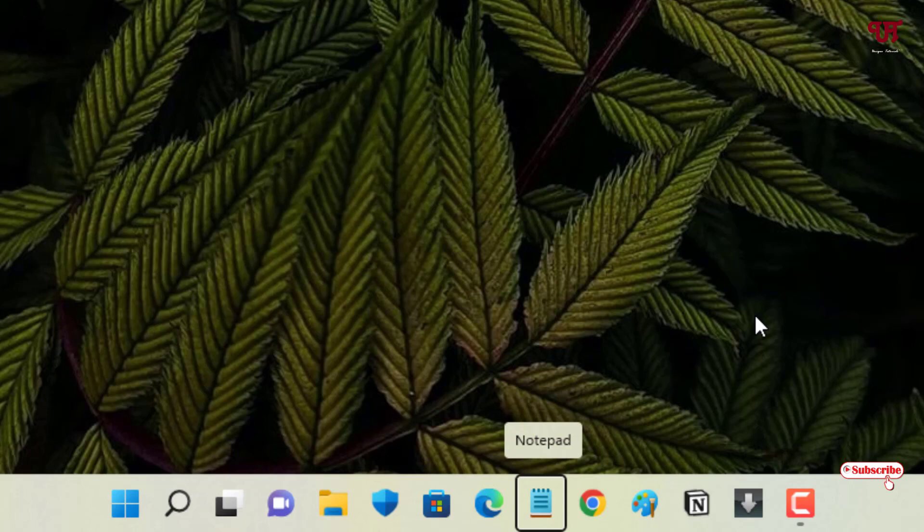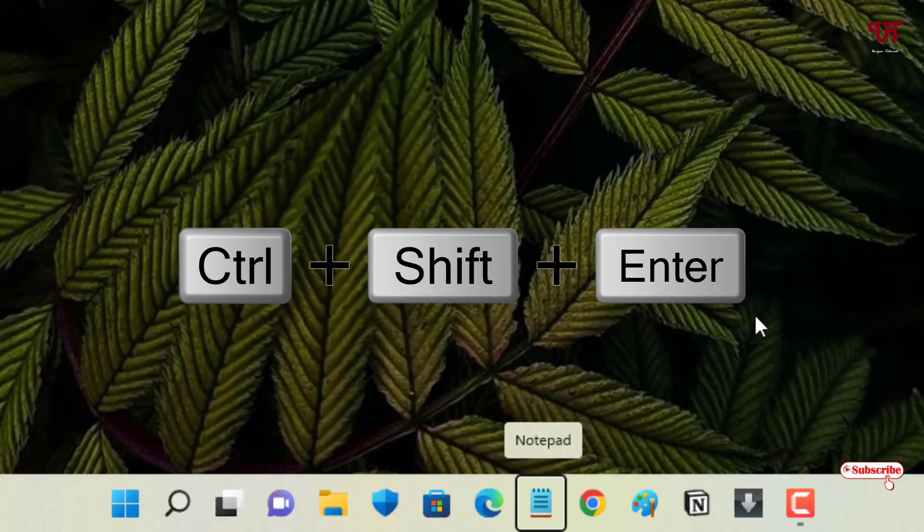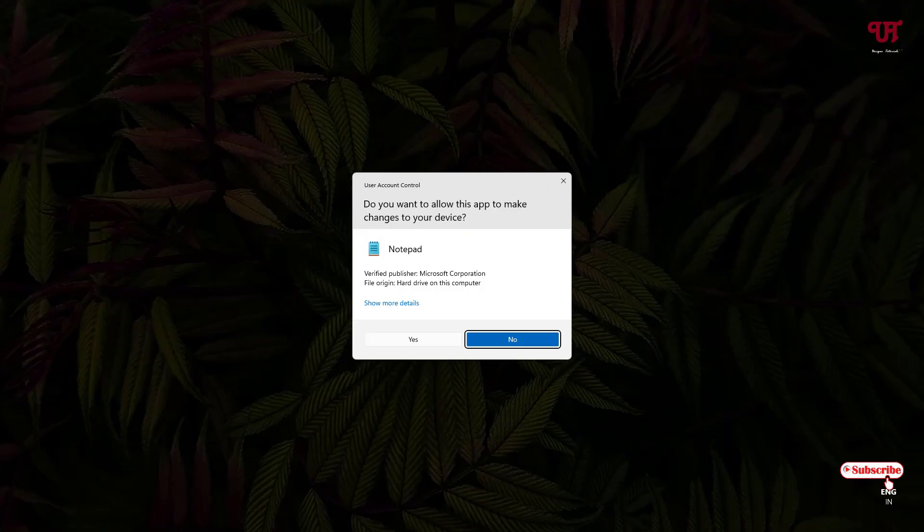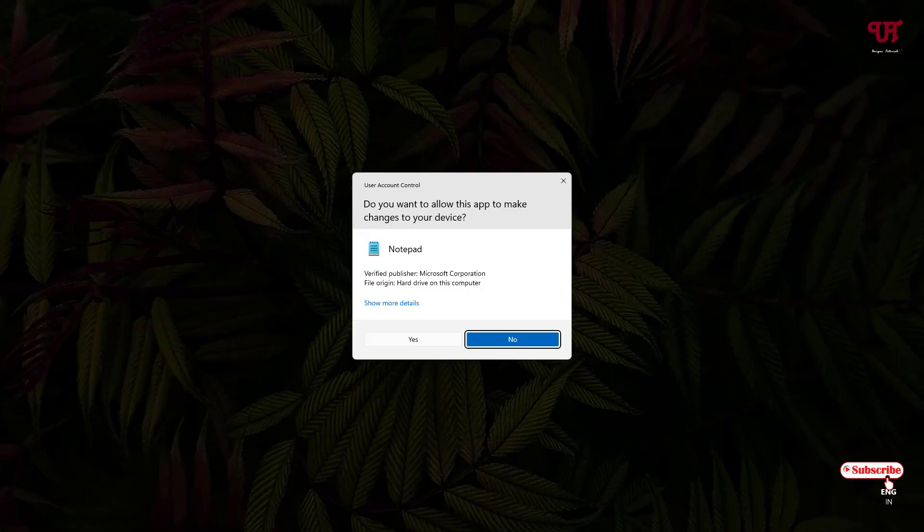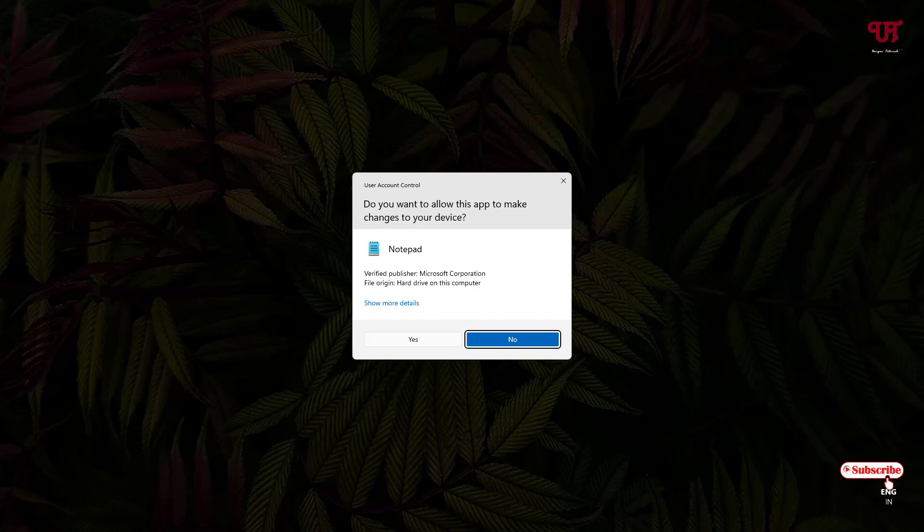Now on your computer keyboard just press Ctrl Shift and Enter. You can see it's asking for my permission. Just click on the left arrow key on your keyboard to select yes, and once you select yes, just hit Enter.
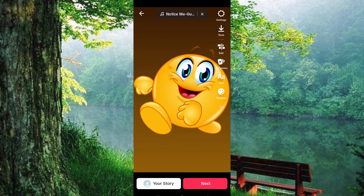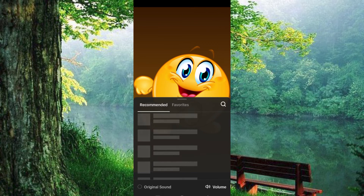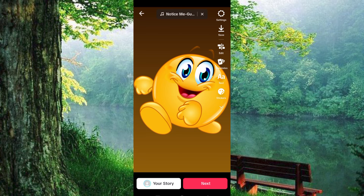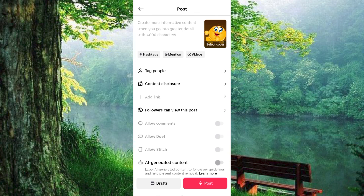By default, TikTok will add a song to your post if it doesn't have one. Now to remove it, you just have to mute the sound to have zero volume. Click on the sound here at the top. As you can see at the bottom right corner, we have volume — tap on it. This will give you two options. Make sure the added sound has zero volume by dragging this slider. Once done, click on Done. Now you can go ahead and click on Next and post without any sound.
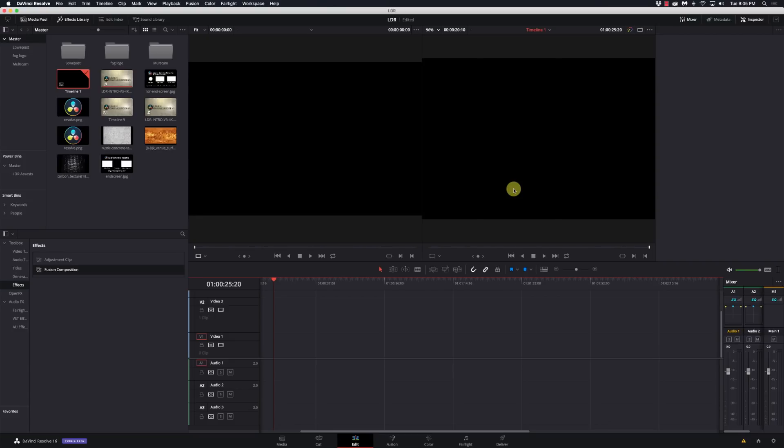Hi, and welcome to Learn DaVinci Resolve Today. We're gonna get into some depth of Fusion and learn about the different types of lights. So stay right there.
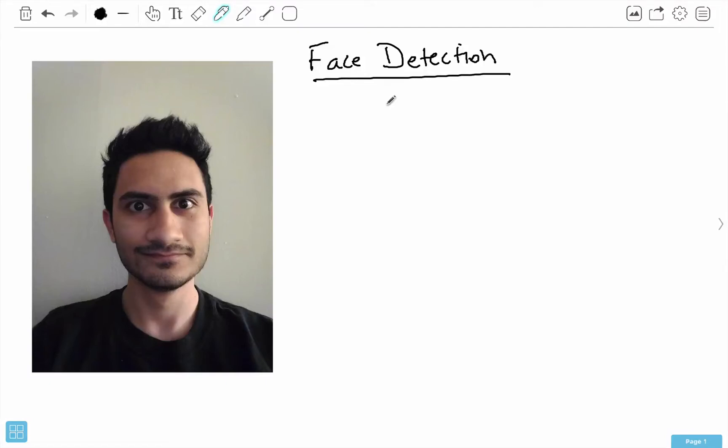Hello everybody, my name is Moha Desfande and in this video I want to introduce you to the notion of face detection. I want to give you an overview of the different topics that we'll be covering in the next few videos. A good place to start would be to discuss what face detection is and what it isn't.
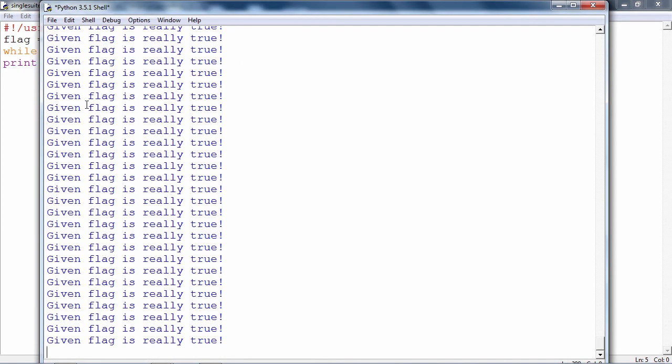There you go. The print statement after the colon, given flag is really true, is going to be printed again and again and again. It will never stop on its own. Stop it by pressing control C.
■ ■ ■ ■
* **PROBLEM STATEMENT**
All of the material must be repeated exactly in the answer, apart from the pictures.

* **SOLUTION**
Now on your computer keyboard just press Ctrl Shift and Enter. You can see it's asking for my permission. Just click on the left arrow key on your keyboard to select yes, and once you select yes, just hit Enter.
By default, TikTok will add a song to your post if it doesn't have one. Now to remove it, you just have to mute the sound to have zero volume. Click on the sound here at the top. As you can see at the bottom right corner, we have volume — tap on it. This will give you two options. Make sure the added sound has zero volume by dragging this slider. Once done, click on Done. Now you can go ahead and click on Next and post without any sound.
Hi, and welcome to Learn DaVinci Resolve Today. We're gonna get into some depth of Fusion and learn about the different types of lights. So stay right there.
Hello everybody, my name is Moha Desfande and in this video I want to introduce you to the notion of face detection. I want to give you an overview of the different topics that we'll be covering in the next few videos. A good place to start would be to discuss what face detection is and what it isn't.
There you go. The print statement after the colon, given flag is really true, is going to be printed again and again and again. It will never stop on its own. Stop it by pressing control C.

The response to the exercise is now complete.